As he was hunting for a taxicab, the waiter ran out and told him that he

had forgotten to settle for the wine. The lady had refused to do so.

Courtlandt chuckled and gave him a ten-franc piece. In other days, in

other circumstances, he would have liked to know more about the unknown

who scribbled notes on composition paper. She was not an idler in the Rue

Royale, and it did not require that indefinable intuition which comes of

worldly-wiseness to discover this fact. She might be a friend of the

Desimone woman, but she had stepped out of another sphere to become so. He

recognized the quality that could adjust itself to any environment and

come out scatheless. This was undeniably an American accomplishment; and

yet she was distinctly a Frenchwoman. He dismissed the problem from his

mind and bade the driver go as fast as the police would permit.

Meanwhile the young woman waited five or ten minutes, and, making sure

that Courtlandt had been driven off, left the restaurant. Round the corner

she engaged a carriage. So that was Edward Courtlandt? She liked his face;

there was not a weak line in it, unless stubbornness could be called such.

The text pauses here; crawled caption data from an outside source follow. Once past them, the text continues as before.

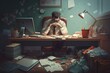 © OMD - long working day at office, workaholism in career, created with generative ai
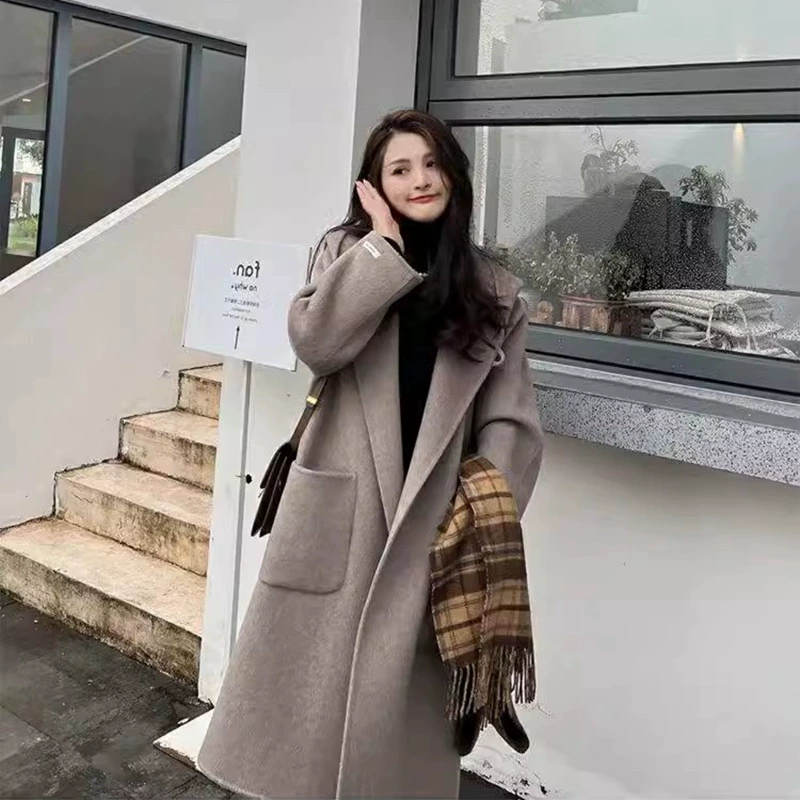 Демисезонное модное шерстяное пальто с капюшоном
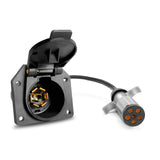 Agrieyes TM8030 7 Pin to 6 Pin Trailer Light Adapter, 7 Way to 6 Wire RV Blade Trailer Plug, Trailer Connector
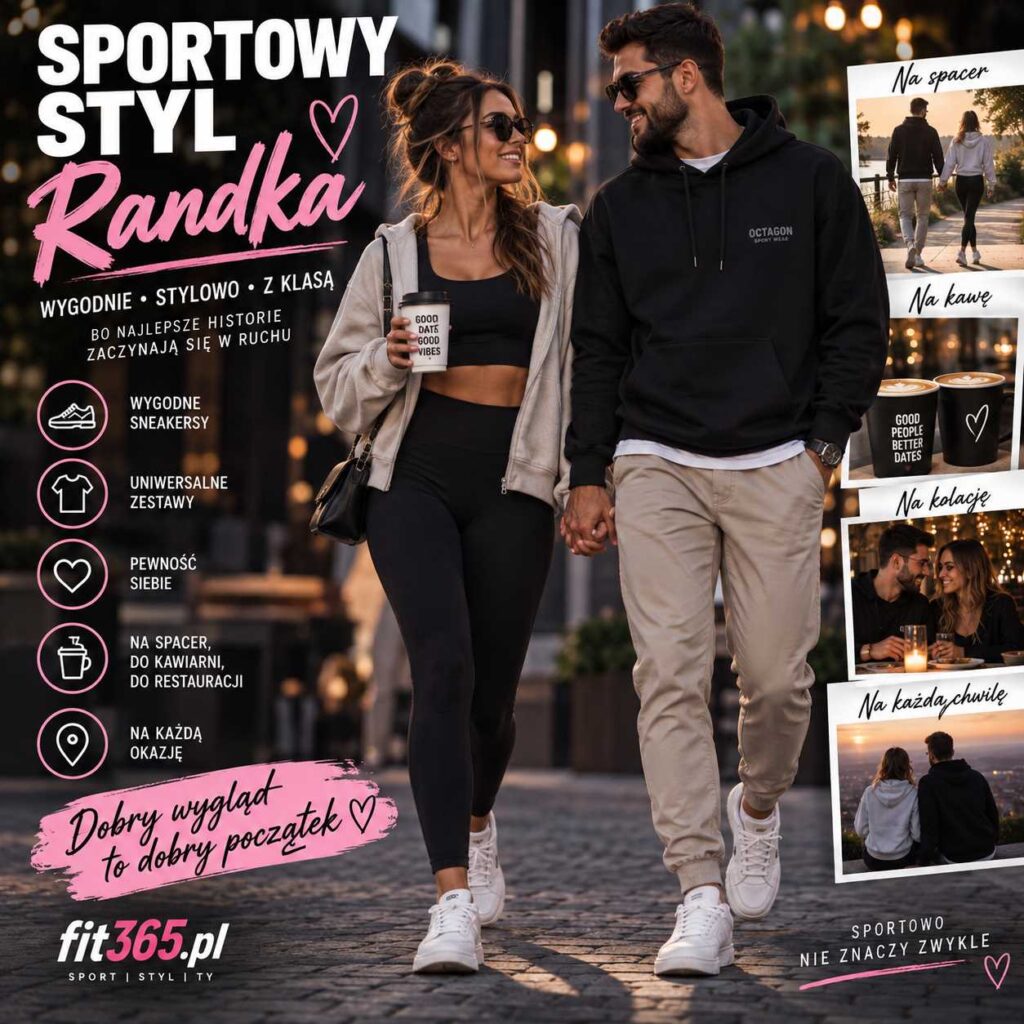 Sportowy styl randka – kobieta i mężczyzna w wygodnych, nowoczesnych stylizacjach sportowych podczas spaceru, kawy i romantycznego spotkania.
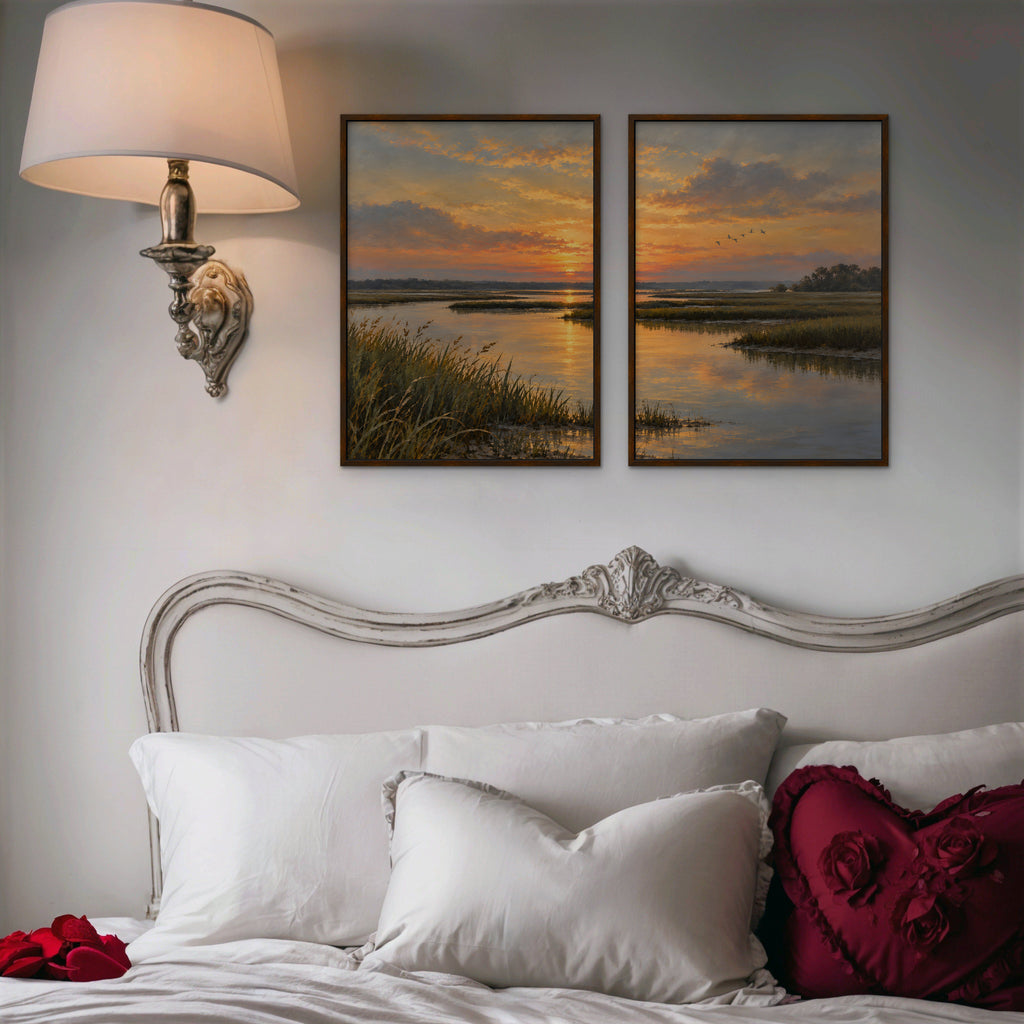 Marsh Sunset Canvas Art - Set of 2 – Walnut Floating Frame in room setting
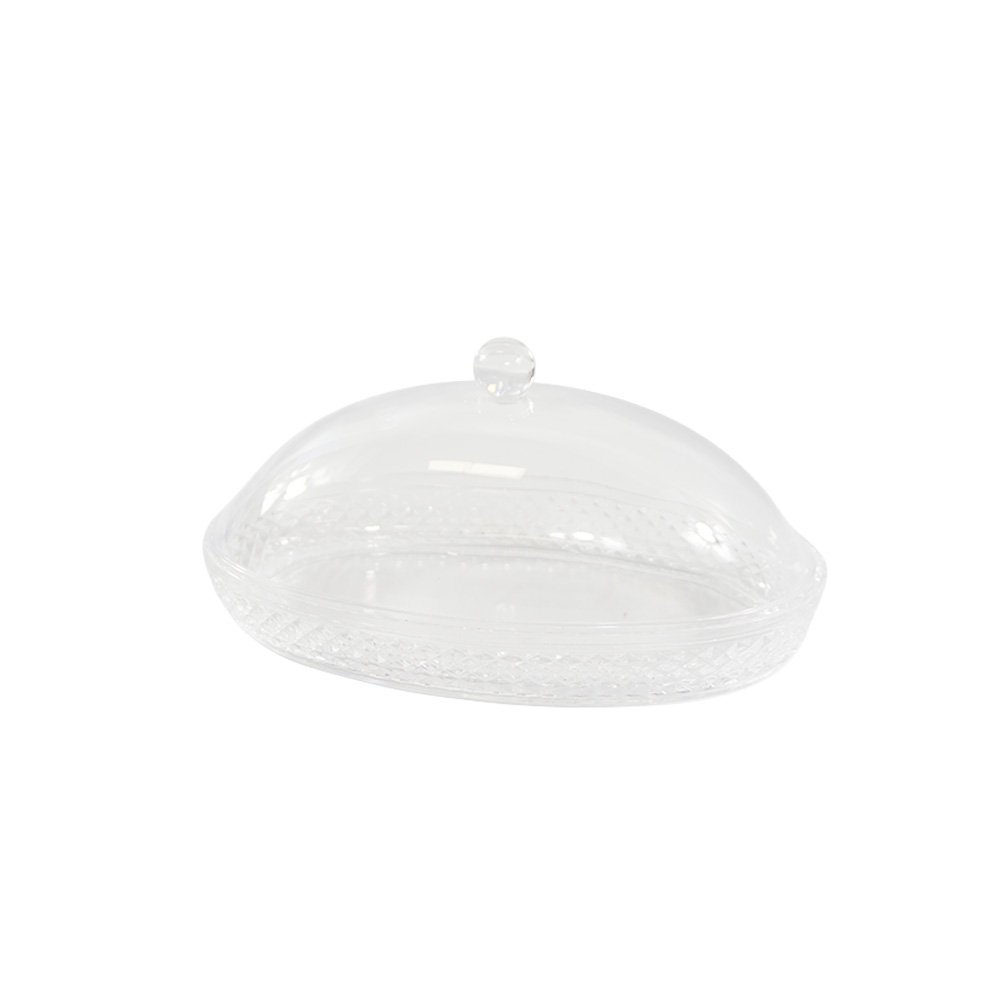Oval Acrylic Dessert Serving Tray with Dome Lid- 23x11cm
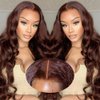 Chocolate Brown Body Wave Lace Front Wigs Human Hair 250% Density 5x5 HD Lace Frontal Wigs Human Hair Pre Plucked Brown Glueless Wigs Human Hair For Women 4# Colored Human Hair Wig 22 inch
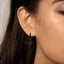 Black Enamel Hoop, Huggies Earring, Minimalist Style, A-SH514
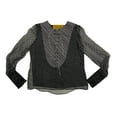 thumbnail image 1 of Hanley Mellon Women's Striped Chiffon Bib Top 10 Black & White, 1 of 2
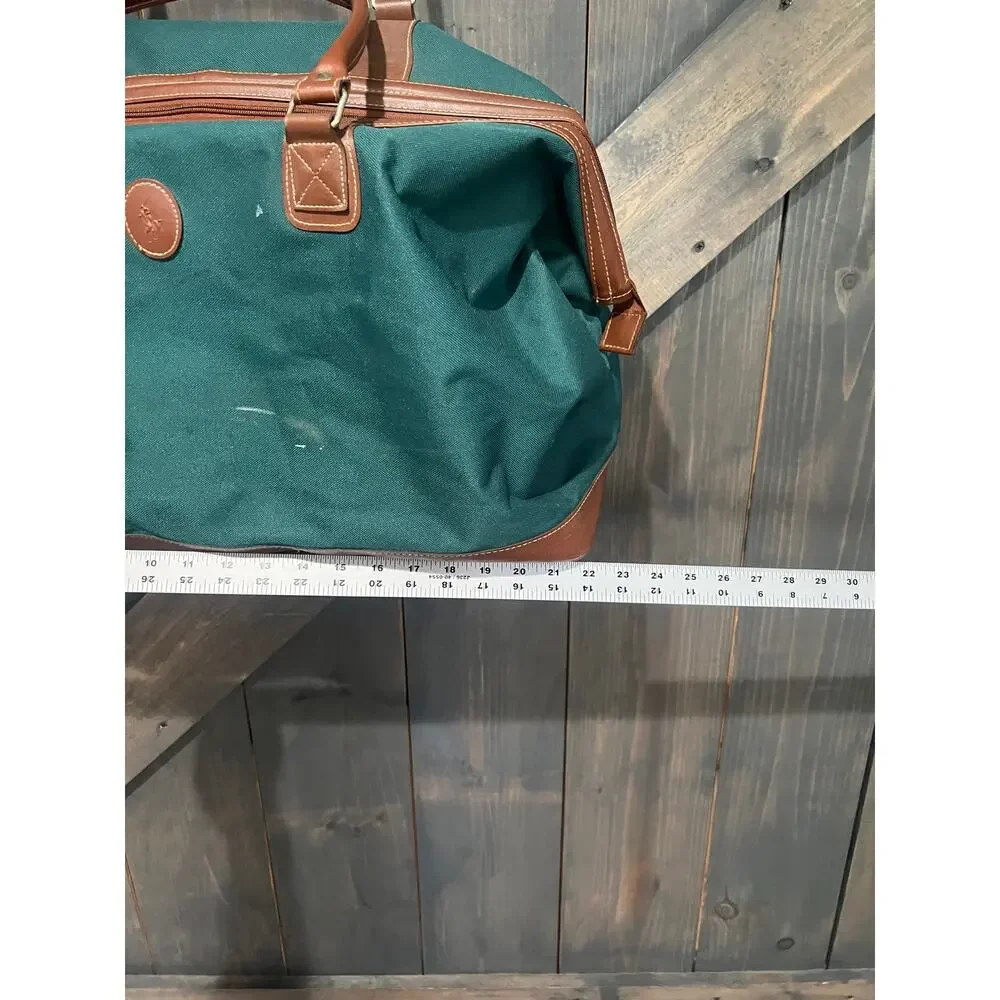Vintage Polo Ralph Lauren Green Canvas and Leather Duffel Bag Retro Collectible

But to stay away for two years! To hide himself in jungles, to be heard of

only by his harebrained exploits! "Follow him; see where he goes," had

been the command. For a moment she had rebelled, but her curiosity was not

to be denied. Besides, of what use was friendship if not to be tried? She

knew nothing of the riddle, she had never asked a question openly. She had

accidentally seen a photograph one day, in a trunk tray, with this man's

name scrawled across it, and upon this flimsy base she had builded a dozen

romances, each of which she had ruthlessly torn down to make room for

another; but still the riddle lay unsolved. She had thrown the name into

the conversation many a time, as one might throw a bomb into a crowd which

had no chance to escape. Fizzles! The man had been calmly discussed and

calmly dismissed. At odd times an article in the newspapers gave her an

opportunity; still the frank discussion, still the calm dismissal. She had

learned that the man was rich, irresponsible, vacillating, a picturesque

sort of fool. But two years? What had kept him away that long? A weak man,

in love, would not have made so tame a surrender. Perhaps he had not

surrendered; perhaps neither of them had.

And yet, he sought the Calabrian. Here was another blind alley out of

which she had to retrace her steps. Bother! That Puck of Shakespeare was

right: What fools these mortals be! She was very glad that she possessed a

true sense of humor, spiced with harmless audacity. What a dreary world it

must be to those who did not know how and when to laugh! They talked of

the daring of the American woman: who but a Frenchwoman would have dared

what she had this night? The taxicab! She laughed. And this man was wax in

the hands of any pretty woman who came along! So rumor had it. But she

knew that rumor was only the attenuated ghost of Ananias, doomed forever

to remain on earth for the propagation of inaccurate whispers. Wax! Why,

she would have trusted herself in any situation with a man with those eyes

and that angle of jaw. It was all very mystifying. "Follow him; see where

he goes." The frank discussion, then, and the calm dismissal were but a

woman's dissimulation. And he had gone to Flora Desimone's.